> _Exercise brief_
Restate each entry word for word. Keep every detail intact.

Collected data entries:
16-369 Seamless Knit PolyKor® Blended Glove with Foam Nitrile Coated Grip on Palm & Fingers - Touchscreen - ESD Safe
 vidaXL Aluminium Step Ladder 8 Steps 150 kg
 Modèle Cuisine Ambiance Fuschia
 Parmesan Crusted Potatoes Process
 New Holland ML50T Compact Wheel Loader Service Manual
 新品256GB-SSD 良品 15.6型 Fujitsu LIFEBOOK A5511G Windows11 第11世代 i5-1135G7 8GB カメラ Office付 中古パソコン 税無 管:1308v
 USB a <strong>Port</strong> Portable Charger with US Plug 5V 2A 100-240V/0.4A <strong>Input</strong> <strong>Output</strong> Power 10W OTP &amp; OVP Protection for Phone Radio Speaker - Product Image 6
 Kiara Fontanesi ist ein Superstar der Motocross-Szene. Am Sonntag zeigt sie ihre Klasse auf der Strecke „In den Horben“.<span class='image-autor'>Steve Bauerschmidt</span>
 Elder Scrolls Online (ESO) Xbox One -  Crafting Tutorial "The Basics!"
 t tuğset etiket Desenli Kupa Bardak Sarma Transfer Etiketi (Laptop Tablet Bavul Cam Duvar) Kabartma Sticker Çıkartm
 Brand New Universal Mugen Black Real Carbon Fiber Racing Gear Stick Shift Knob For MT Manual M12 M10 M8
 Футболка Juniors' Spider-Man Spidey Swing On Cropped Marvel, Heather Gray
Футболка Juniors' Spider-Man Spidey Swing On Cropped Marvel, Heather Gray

> _Task solution_
16-369 Seamless Knit PolyKor® Blended Glove with Foam Nitrile Coated Grip on Palm & Fingers - Touchscreen - ESD Safe
 vidaXL Aluminium Step Ladder 8 Steps 150 kg
 Modèle Cuisine Ambiance Fuschia
 Parmesan Crusted Potatoes Process
 New Holland ML50T Compact Wheel Loader Service Manual
 新品256GB-SSD 良品 15.6型 Fujitsu LIFEBOOK A5511G Windows11 第11世代 i5-1135G7 8GB カメラ Office付 中古パソコン 税無 管:1308v
 USB a <strong>Port</strong> Portable Charger with US Plug 5V 2A 100-240V/0.4A <strong>Input</strong> <strong>Output</strong> Power 10W OTP &amp; OVP Protection for Phone Radio Speaker - Product Image 6
 Kiara Fontanesi ist ein Superstar der Motocross-Szene. Am Sonntag zeigt sie ihre Klasse auf der Strecke „In den Horben“.<span class='image-autor'>Steve Bauerschmidt</span>
 Elder Scrolls Online (ESO) Xbox One -  Crafting Tutorial "The Basics!"
 t tuğset etiket Desenli Kupa Bardak Sarma Transfer Etiketi (Laptop Tablet Bavul Cam Duvar) Kabartma Sticker Çıkartm
 Brand New Universal Mugen Black Real Carbon Fiber Racing Gear Stick Shift Knob For MT Manual M12 M10 M8
 Футболка Juniors' Spider-Man Spidey Swing On Cropped Marvel, Heather Gray
Футболка Juniors' Spider-Man Spidey Swing On Cropped Marvel, Heather Gray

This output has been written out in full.